On May 6, 2002, then-Undersecretary of State John Bolton gave a speech entitled "Beyond the Axis of Evil". In it he added three more nations to be grouped with the already mentioned rogue states: Cuba, Libya, and Syria. The criteria for inclusion in this grouping were: "state sponsors of terrorism that are pursuing or who have the potential to pursue weapons of mass destruction (WMD) or have the capability to do so in violation of their treaty obligations."

==China, Russia, Iran, North Korea new axis ==

In February 2022, American conservative political commentator Danielle Pletka called China, Russia, Iran, and North Korea as the "new" axis of evil in an article for the National Review.
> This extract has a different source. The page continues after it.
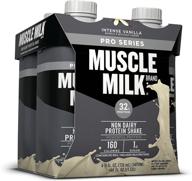 🥛 muscle milk pro series protein shake, intense vanilla flavor, pack of 4 logo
Following the 2022 Russian invasion of Ukraine, the Taipei Times published an editorial calling the alliance between Russia and China "the real axis of evil".

In October 2023, Senate Republican Leader Mitch McConnell told CBS' "Face The Nation" that Iran, North Korea, Russia, and China are the new "axis of evil. The Speaker of the House, Mike Johnson, echoed a very similar comment on Fox News' "Hannity".

In October 2023, Israeli Prime Minister Benjamin Netanyahu described an axis of evil involving Hamas and Iran in an op-ed in The Wall Street Journal.

In January 2024, NATO Secretary General Jens Stoltenberg and his predecessor, Anders Fogh Rasmussen, cautioned about the formation of a new axis of autocracies led by China, but joined by Russia, Iran and North Korea. The same states have been recognized as a new axis of evil by several American politicians, including Christopher Cavoli, Mike Johnson, and Mitch McConnell.

On April 17, 2024, GOP U.S. speaker of the house Mike Johnson referred to China as part of "the axis of evil" that also includes Iran and Russia. Johnson based his statement on the belief that the countries pose threats the western-aligned countries of Taiwan, Israel, and Ukraine. This preceded a change of tact, where the speaker decided to support $95 billion of defence aid for the combined countries, despite the opposition of the more conservative members of his caucus.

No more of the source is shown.